• _Required action_
Transcribe every line from the one containing "Il crepuscolo civile" to the end of the listing, exactly as written, and leave out the pictures.
____ Available data
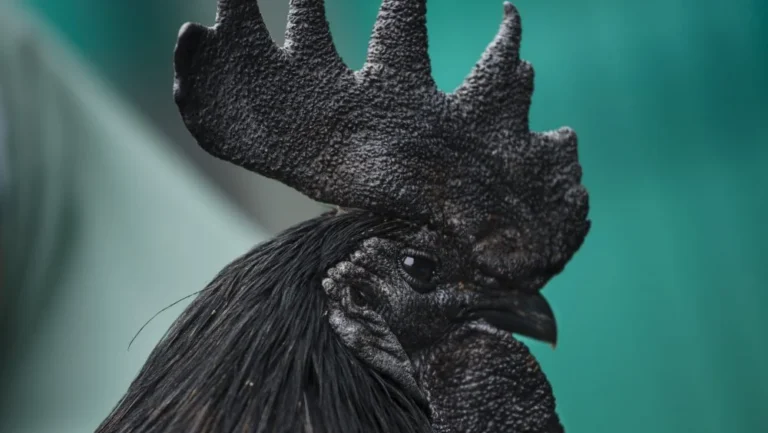 Le Mystère de l&rsquo;Ayam Cemani, le Poulet le Plus Cher du Monde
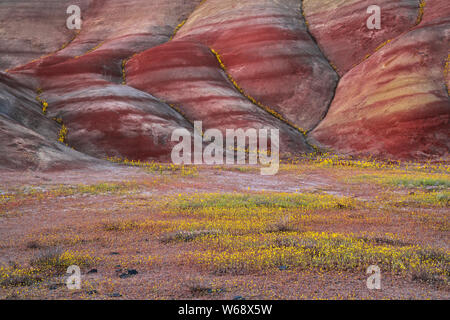 Il crepuscolo civile glow sulla primavera sbocciano i fiori di campo alla base delle colline dipinte in unità Oregon centrale John Day Fossil Beds. Foto Stock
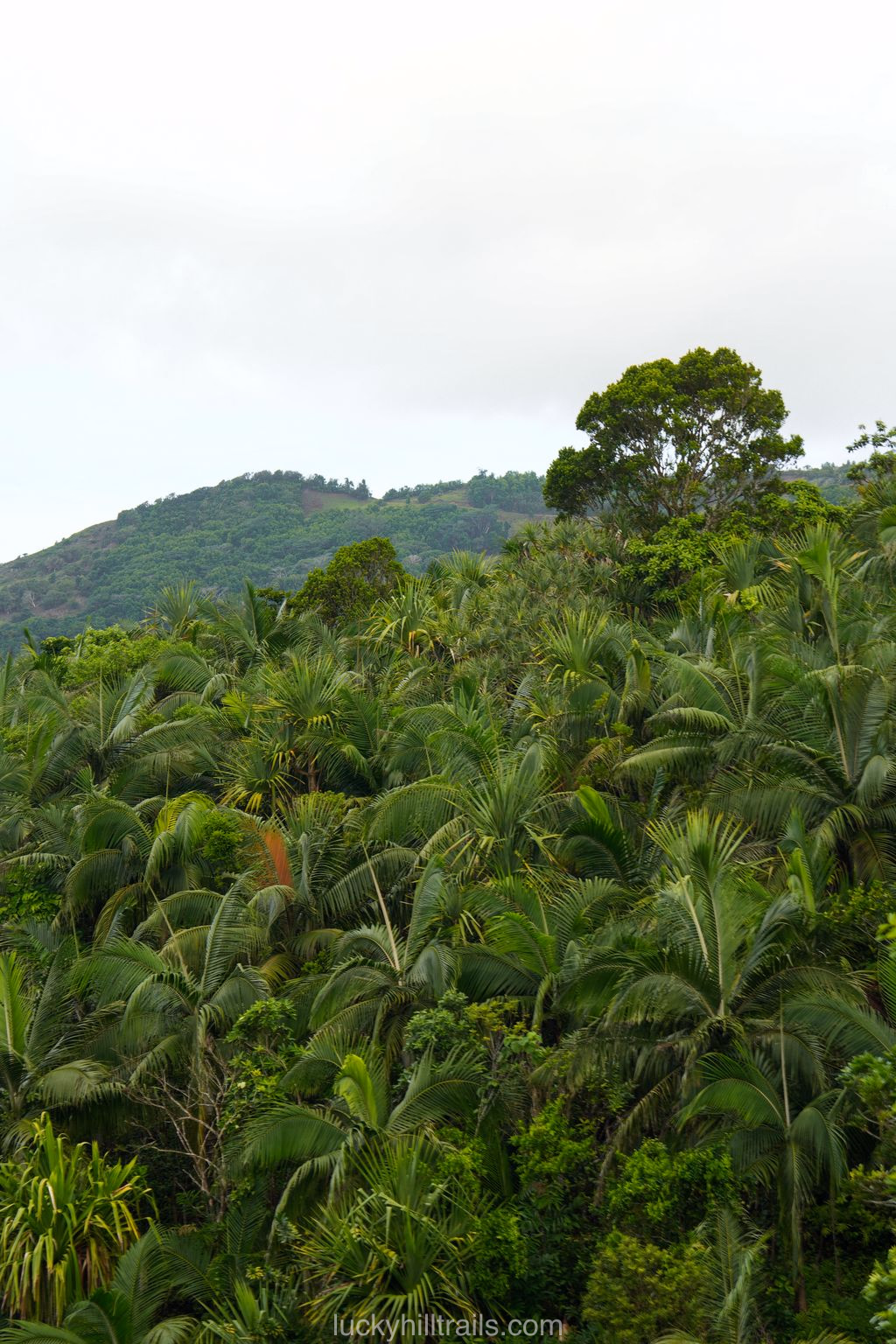 mauritius black river ebony forest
________
• _Exercise response_
 Il crepuscolo civile glow sulla primavera sbocciano i fiori di campo alla base delle colline dipinte in unità Oregon centrale John Day Fossil Beds. Foto Stock
 mauritius black river ebony forest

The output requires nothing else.